Fables of Flora, Cover to Cover

Fables of Flora is a portable companion of poetry about various species of flowers.

With a love of botany and poetry, author and editor Sarah C. Edgarton Mayo published three sentimental flower books in the first half of the 19th century.

These small volumes were generally presented as gift books for ladies and indicated their refinement. The Fables of Flora, published in Boston in 1844, is a collection of flower fables written by Mayo as well as her friend Dr. John Langhorne.

The Ladies’ Flower-Garden of Ornamental Greenhouse Plants, Cover to Cover

Jane Loudon’s beautifully illustrated garden manuals were directed at women of the growing middle class in mid-19th century England who had time and means to grow ornamental gardens at home.

Jane Webb Welles Loudon was a successful writer and magazine editor in England.

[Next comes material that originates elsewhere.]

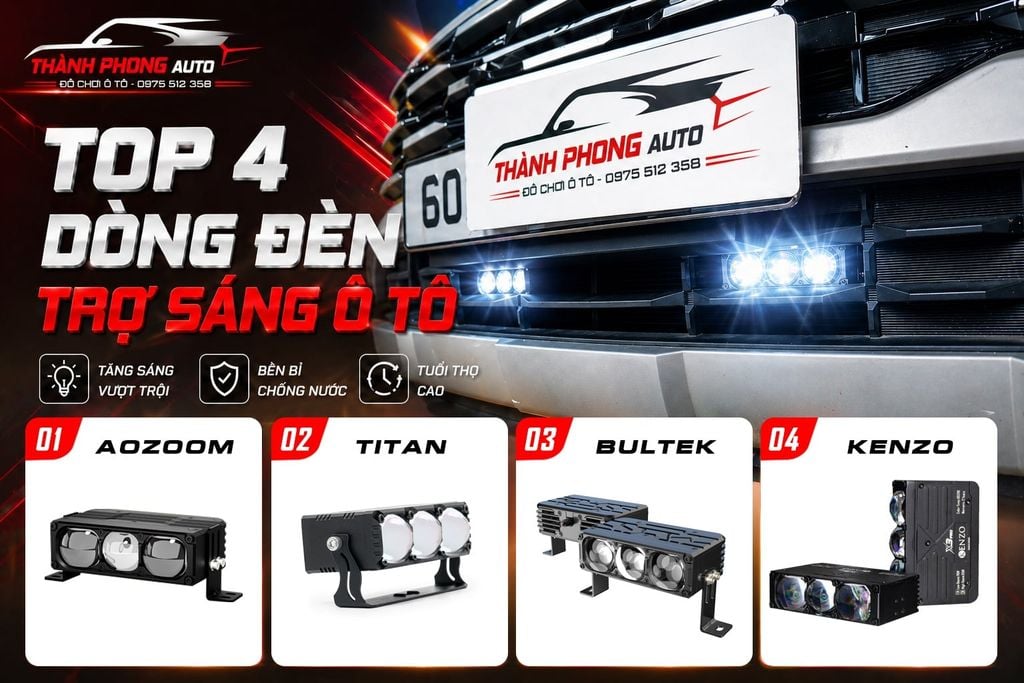 Đèn trợ sáng ô tô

Her books were immensely popular, and her writing influenced a generation of Victorian gardeners, including those in the United States. A self-taught artist, Loudon illustrated her books using new techniques that enabled fast print production. The botanical plates were drawn on zinc from nature and then colored by hand with watercolor.

Through her books, Loudon made gardening accessible to the burgeoning middle class interested in gardening as a form of recreation and pleasure. The Ladies’ Flower-Garden of Ornamental Greenhouse Plants, published in London by William Smith in 1848, is bound in red morocco leather with elaborate gilt work and has 42 hand-colored plates.